= Kozhaniy Olen' =

Ukraine ska-punk band

Kozhaniy Olen' (Leather Deer) is the Ukrainian ska-punk band from Simferopol, created in 1998.

== History ==
The band was started by a future trumpeter Pavel Shvets and the guitarist Andrey Zamotaylov in 1998 while still studying at school. The texts of the songs of the collective in particular contain obscene expressions and pornography themes, the name of their debut album – «17.5 cm» (2004).

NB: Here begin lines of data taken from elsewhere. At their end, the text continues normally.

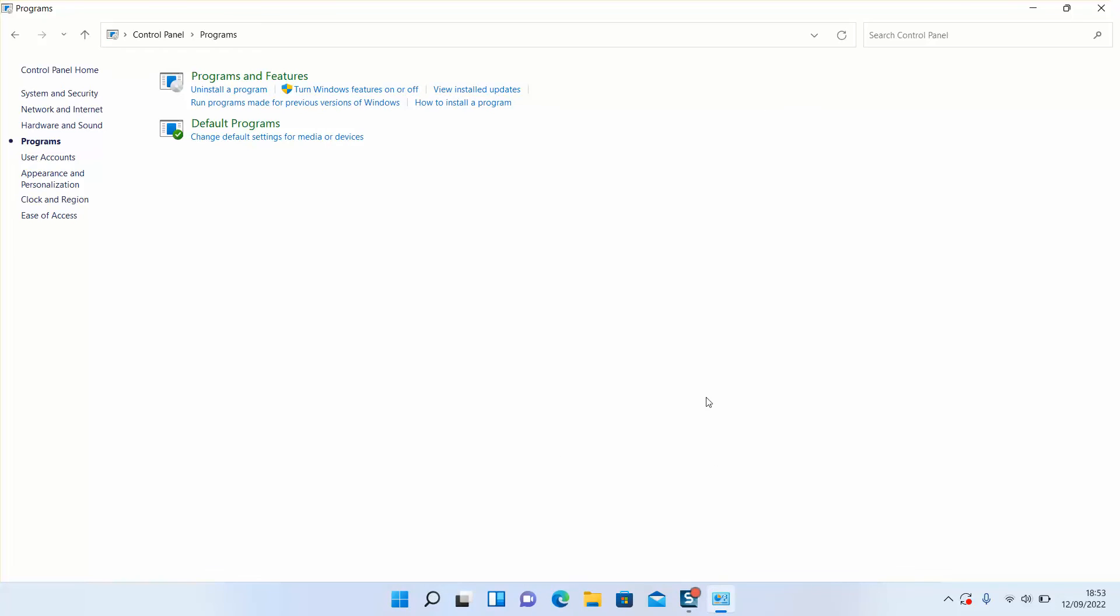And once you turn off and you turn on your computer, all those changes should take effect. Thank you guys for watching and talk to you soon, in a new video.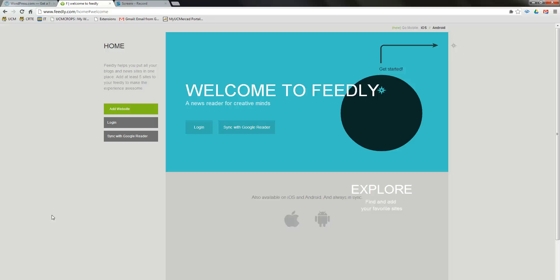Hello and welcome to the Feedly and WordPress tutorial. Today I will be showing you how to use Feedly to subscribe to student blogs so it's easier to access and navigate between them.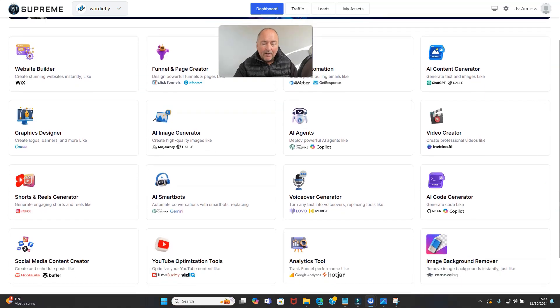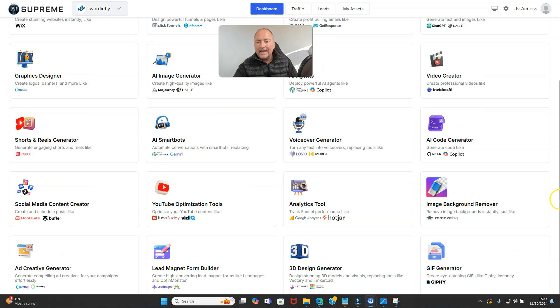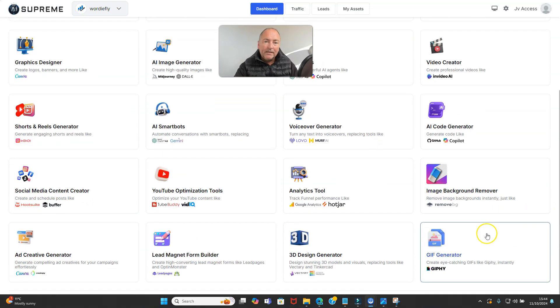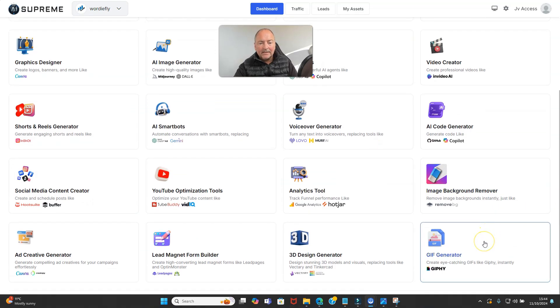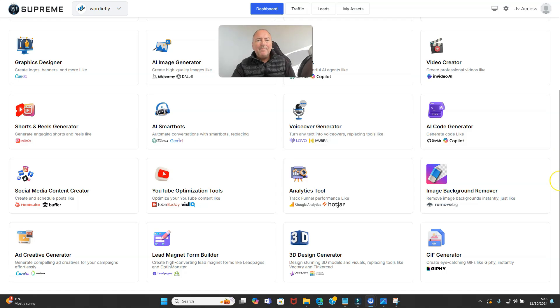shorts and reels generator, AI smart bots, voiceover generator, AI code generator, social media content creator, YouTube optimization tools, analytics tool,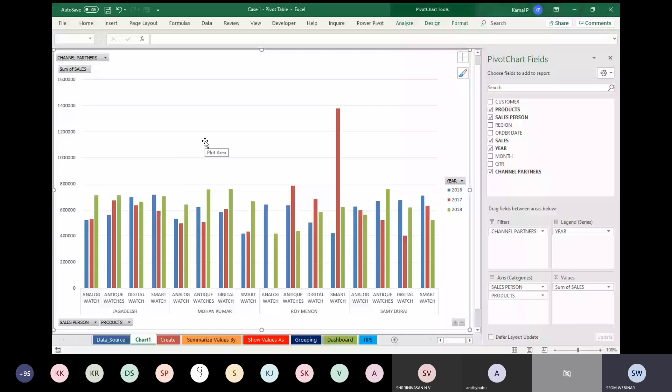However, this is not required because you cannot compare this particular chart with the pivot table reports on the same sheet. I am deleting this — this is a very conventional way of creating a chart.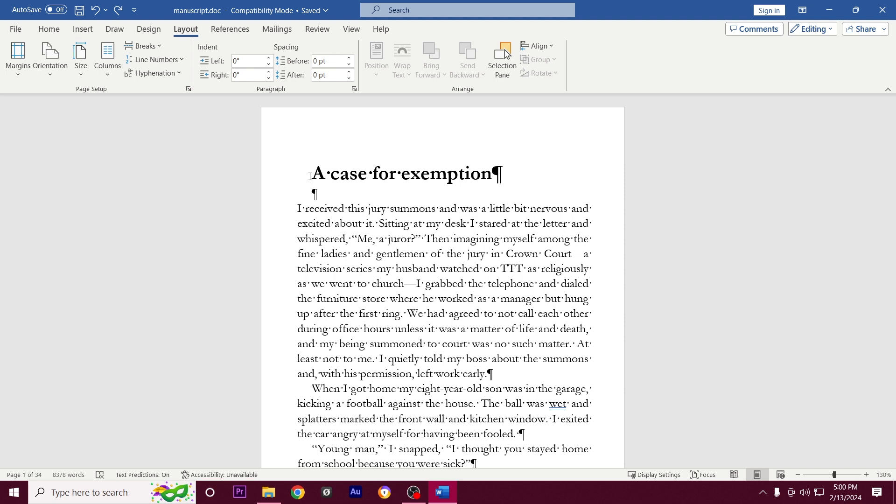In Microsoft Word, heading styles are a way of formatting your text to make headings stand out from the body text, and heading styles luckily make your documents easier to navigate.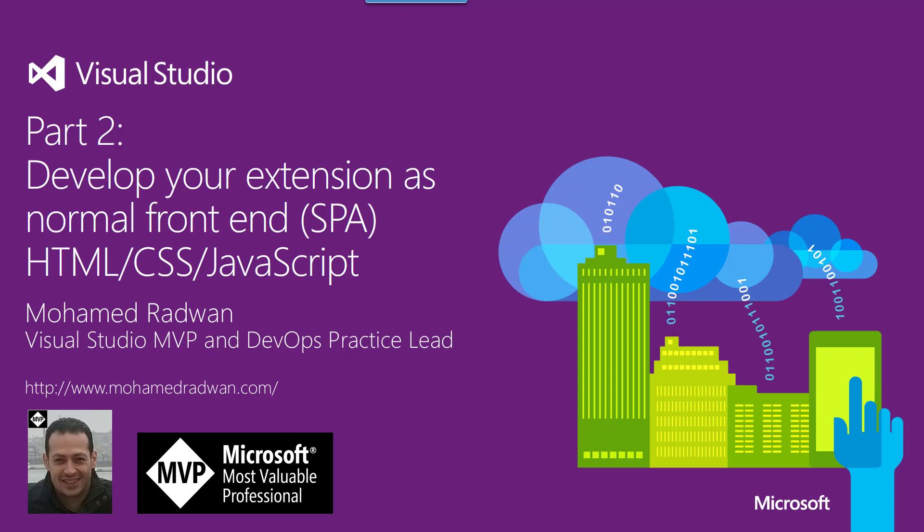In this part, which is part two, I'm going to explain that developing a Visual Studio Team Services extension isn't just normal backend development. You just need to use your basic skills for front-end development: HTML, CSS, and JavaScript.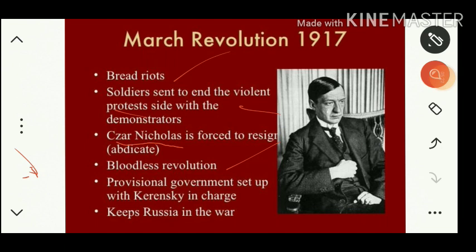After Nicholas II stepped down, a provisional government was set up under the leadership of Kerensky. This Kerensky, after coming to power, was asked to withdraw Russia from World War I. But unfortunately after coming to power Kerensky changed his mind and asked Russia to continue in the war.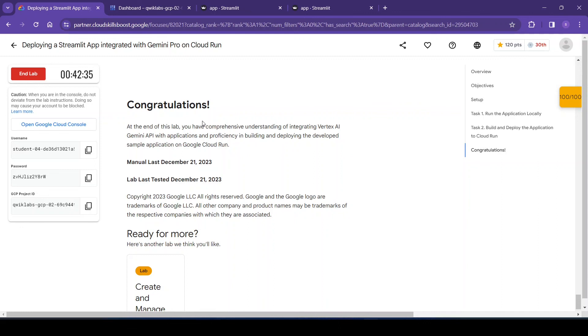Congratulations. So in this lab we have learned understanding of the integrated Vertex AI Gemini API with application and proficiency in building and deploying the developed sample application on Google Cloud Run.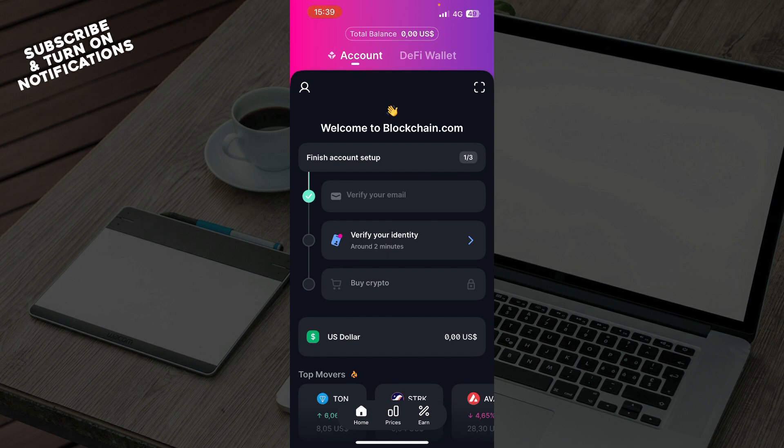Select crypto and choose the asset you'd like to withdraw. Next, type or paste the address to which you'd like to send funds, or select your Blockchain.com wallet account if you want to withdraw crypto there.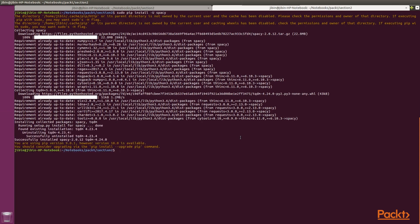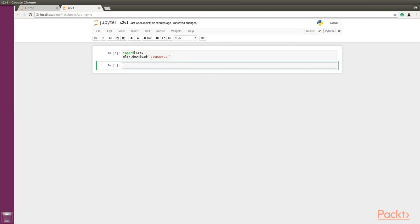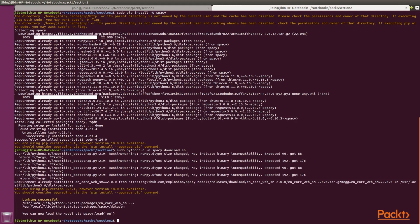We would require the stopwords module from nltk and we would need to download it to be able to use them. Switching over to our Jupyter notebook: import nltk, then nltk.download('stopwords'). For spaCy, we would require their English model, and we need to download that as well. Now that we have both installations in place, let's see if we can access them in Python code.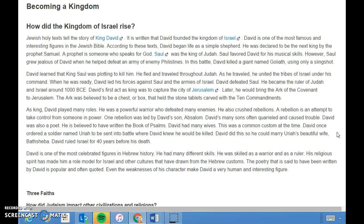David once ordered a soldier named Uriah to be sent into battle where he knew Uriah would be killed, so that he could marry Uriah's wife, Bathsheba. David ruled Israel for 40 years before his death. He is one of the most celebrated figures in Hebrew history — skilled as both a warrior and a ruler. His religious spirit made him a role model for Israel and other cultures that have drawn from Hebrew customs, and even the weaknesses of his character made David a very human and interesting figure.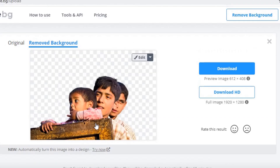Now here you can see that we have removed the background within 5 seconds, or even less than 5 seconds. This is the magic of this website. Let's do it once again.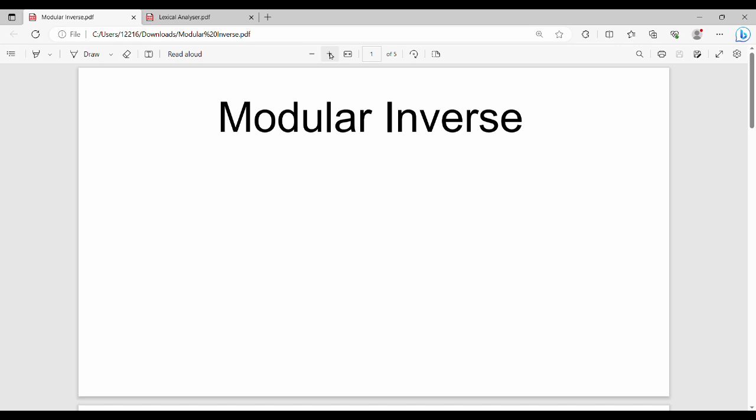Cryptography and Encryption: how can the Modular Inverse help? If we have the Modular Inverse — and we already have another video about it — the Modular Inverse is fundamental.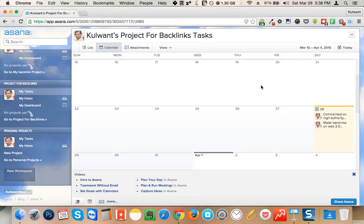This is how I am managing all my backlinks and making all the blueprints to rank my particular websites. I hope this video will help you make things much cleaner, much better, and rank your website higher than your competitors. Bye bye, see you again.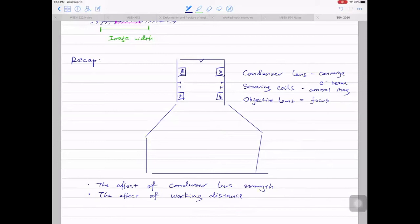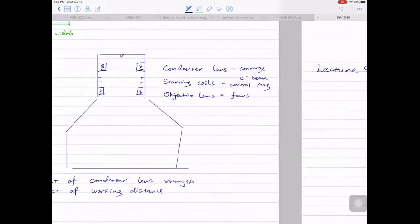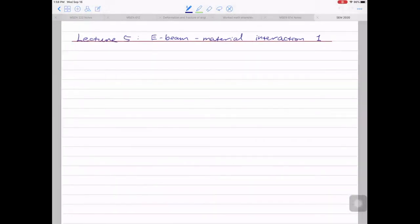Let's move to a new module: electron-material interaction. We talked about the first module on instrumentation; the second part is on electron-material interaction, where you'll learn why we can see certain images in SEM. The first mode we'll discuss is called secondary electrons (SE). In fact, most SEM images you see are secondary electron images.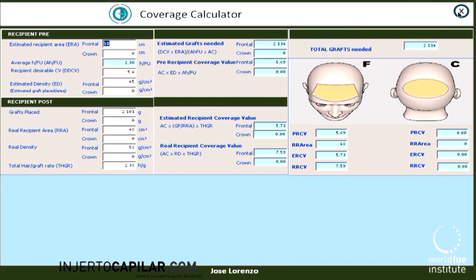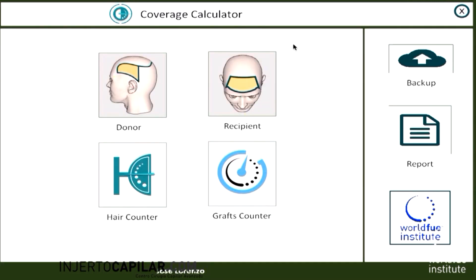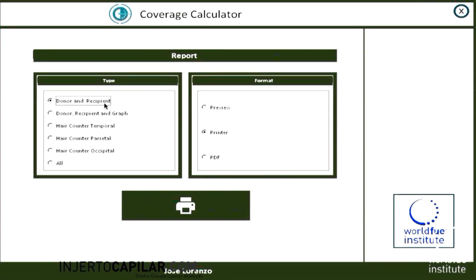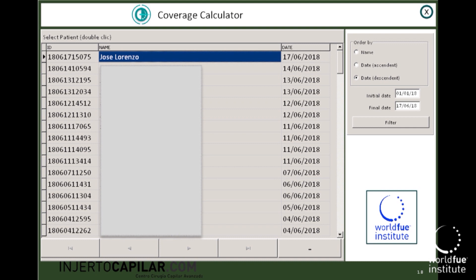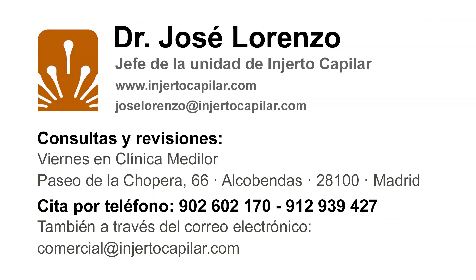When we finish with the patient and everything is filled out in the application, we can make a report of donor, recipient, grafts, or whatever you need. We can do it by printing or making a PDF to save or send by email. Your patient will be in the database and you can retrieve them whenever you want. Hope you enjoy it — thank you very much.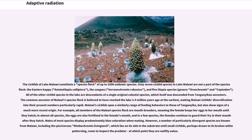The cichlids of Lake Malawi constitute a species flock of up to 1,000 endemic species. Only 7 cichlid species in Lake Malawi are not part of the species flock: the Eastern Haplochromis, Astatotilapia calyptera; the Tsungwa, Serranochromis robustus; and 5 Tilapia species, genera Oreochromis and Coptodon. All other cichlid species in the lake are descendants of a single original colonist species, itself descended from Tanganyikan ancestors. The common ancestor of Malawi's species flock is believed to have reached the lake 3.4 million years ago at the earliest, making Malawi cichlids' diversification into their present numbers particularly rapid. Malawi cichlids span a similarly wide range of feeding behaviors to those of Tanganyika, but also show signs of a much more recent origin. All members of the Malawi species flock are mouth brooders, meaning the female keeps her eggs in her mouth until they hatch; in almost all species, the eggs are also fertilized in the female's mouth.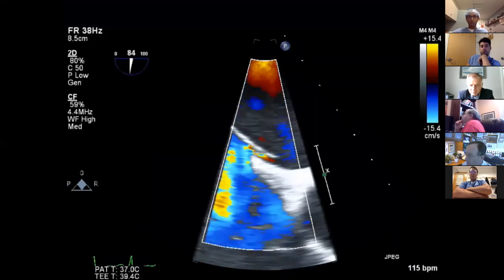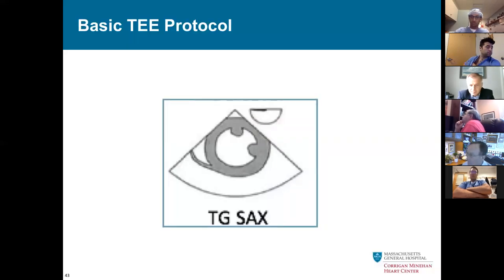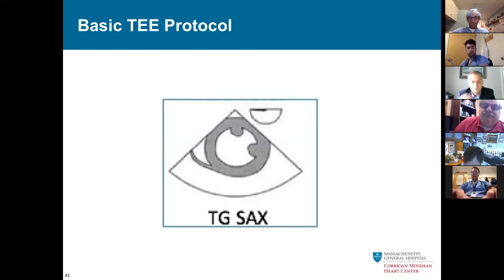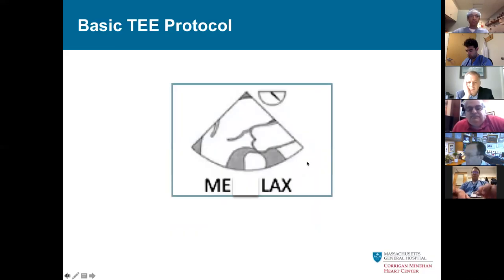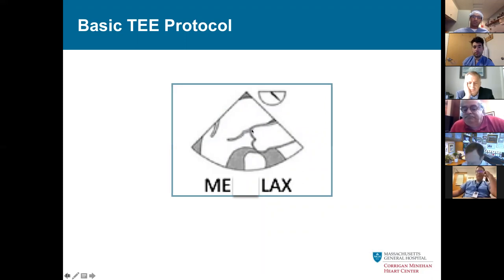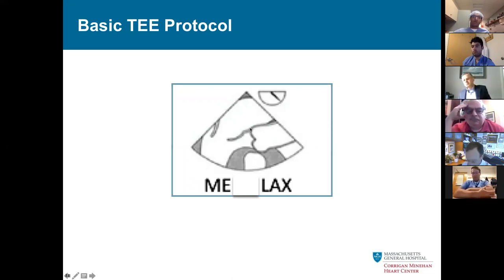The mid-esophageal long axis view lets you see the mitral and aortic valve together. Looking at the aortomitral curtain, you can see if it's thickened or has pathology. After a very long case it will almost always appear edematous, so you want to look pre-op — those are the cases where you can identify endocarditis at the curtain.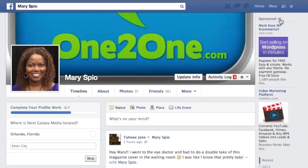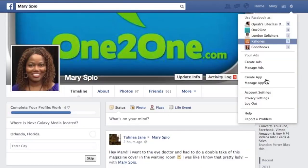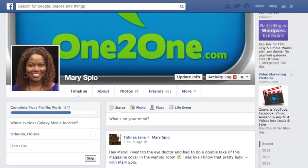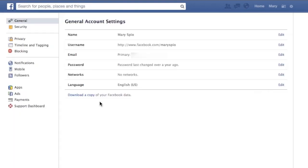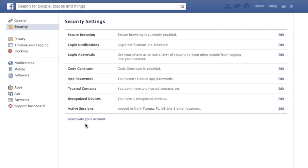If you want to know how to deactivate it, this is what you do. You actually go to your settings and under account settings, you'll see a button that says deactivate my account. And that's how you get rid of your entire account. It's under the security section.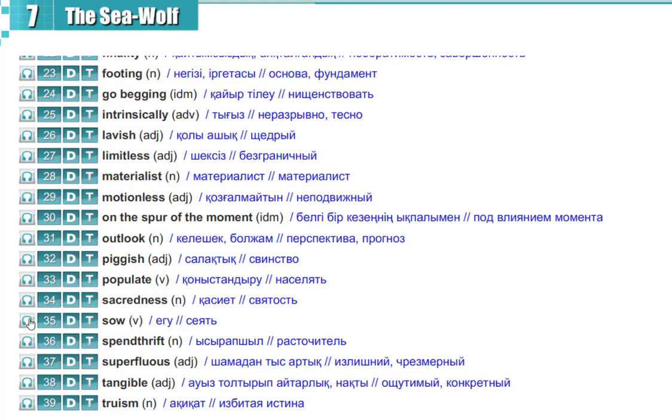So, so, spendthrift, spendthrift, superfluous, superfluous, tangible, tangible.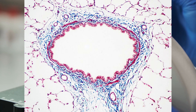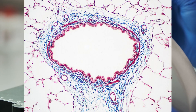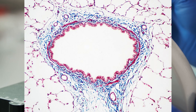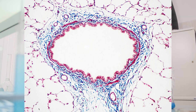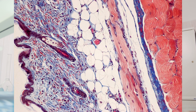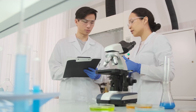Masson's trichrome is, unsurprisingly, a multicolour result when used — the name kind of gives that away. What makes this useful is that it has a red counter-stain and a blue stain, and you can get a mix in between depending on what you're looking at. It is notably helpful as tissues will be stained a reddish colour, while the bluish colour will tend to stain the fibres around them.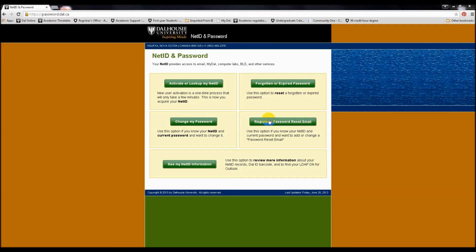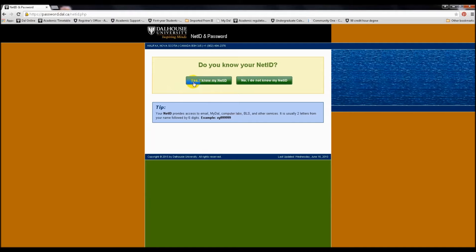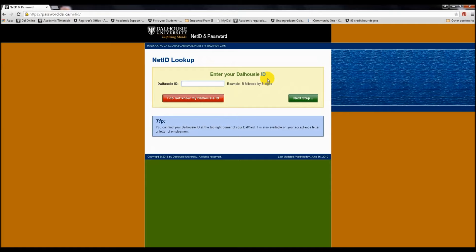First, please ensure that you have set up your NetID and password. You'll use your NetID and password to log in to DAL Online, the website you will use to register for classes.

The first official video for the song titled ОРЗ was presented on Sep 26, 2009 on «Enter Music». The song is about non-traditional approach to the treatment of influenza and other respiratory ailments.

==Members of group==
- Andrey Zamotaylov – rhythm guitar, vocals, the founder of the band
- Pavel «PapaJoe» Shvets – trumpet, backing vocals, songwriter, the founder of the band
- Eugene «Slamp» Zavaliy – solo-guitar, backing vocals
- Alexey «insa» Strebkov – drums
- Yury Fateykin – bass guitar, backing vocals

==Discography==
- 2004 — 17,5 см
- 2010 — Триста баксов и дорога
- 2013 — Снегири и Суперклей
- 2017 — Кашель Нины

==Music videos==

- ОРЗ (2009)

==Singles==
- "ОРЗ" (2004)
- "Afanasy" (2004)
- "Monika" (2004)
- "Rape me" (Nirvana cover) (2009)
- "Jopa" (2009)
- "8 марта" (2012)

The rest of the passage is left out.